2018 Ripp’n River Bash

Russian Riverkeeper’s 2nd Annual Ripp’n River Bash A Big Win for the Russian River

On Saturday, July 28th Russian Riverkeeper held it’s largest annual fundraiser, the Ripp’n River Bash (Bash), at Front Porch Farm in Healdsburg. In true Sonoma County style, the evening’s weather was beautiful. With a background of the river and the farm, guests were treated to amazing views along with cocktails, food, live music and auction entertainment. It was an evening to be remembered!

Bash began on the banks of the Russian River, where guests were greeted with a glass of sparkling wine and treated to cocktails by Beijaflor Cocktails, Hog Island Oysters and appetizers from The Bodega paired with sounds by The Rhythm Department. Not to mention the friendly (but quite competitive!) Fishy Hat contest – where guests showed off their most artistic sides and won fabulous prizes for the best “fish-themed” hats.

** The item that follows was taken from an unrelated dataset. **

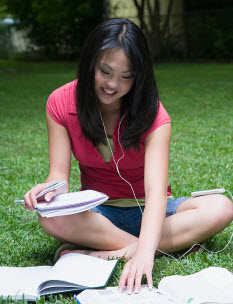 Girl with headphones reading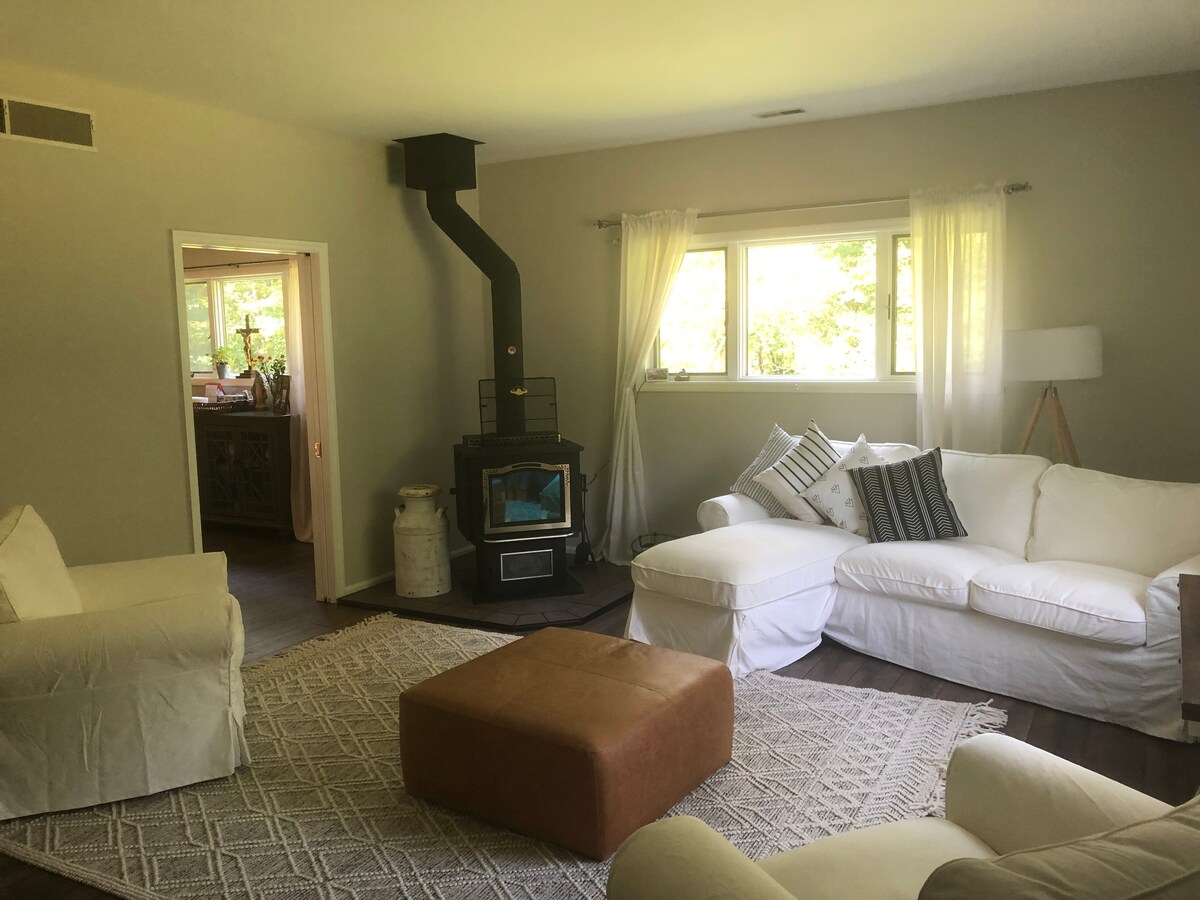 A bright living area is furnished with a white sectional couch and a comfortable armchair. A soft, textured rug covers the floor, and a wood-burning stove is positioned in the corner. Natural light filters through the windows, enhancing the cozy ambiance.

Upon departing the river, guests strolled beside the rows of flowers and vegetables to arrive on the lawn where they were seated and served a delectable four-course meal prepared by The Bodega, along with local wines from the Russian River AVA. Through great conversation and laughter, one could hear the music of The Doug Lipton Trio playing in the background.

To complete the evening, guests viewed a short video highlighting the works of Russian Riverkeeper, then our very own Supervisor Mike McGuire took the mic as auctioneer, and the bidding was on! Russian Riverkeeper’s devout supporters, encouraged by the astounding auctioneering skills of Senator McGuire, engaged in competitive and friendly bidding for one-of-a-kind auction items along with a record-breaking Paddle Raise. Guests celebrated the end of the evening with music by Mr. December.

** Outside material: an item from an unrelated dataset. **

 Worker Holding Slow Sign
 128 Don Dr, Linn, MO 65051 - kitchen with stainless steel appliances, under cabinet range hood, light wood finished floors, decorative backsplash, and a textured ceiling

The annual Bash is the main fundraising event for Russian Riverkeeper’s programs and future projects. Russian Riverkeeper is the only group dedicated to restoring the river and its floodplains. After years of legal battles, Russian Riverkeeper ended gravel mining on the river and is now working with those same mining companies to reclaim and restore 1200 acres of lost wetlands. This is a critical first step in regenerating the river’s health as well as providing future open spaces for potential recreational areas. Additional programs include working with volunteers and the homeless to rid the river of trash left behind by humans, educating local children and, as the regional leader, working with landowners to stabilize soil and reduce pollution runoff caused by the 2017 firestorms.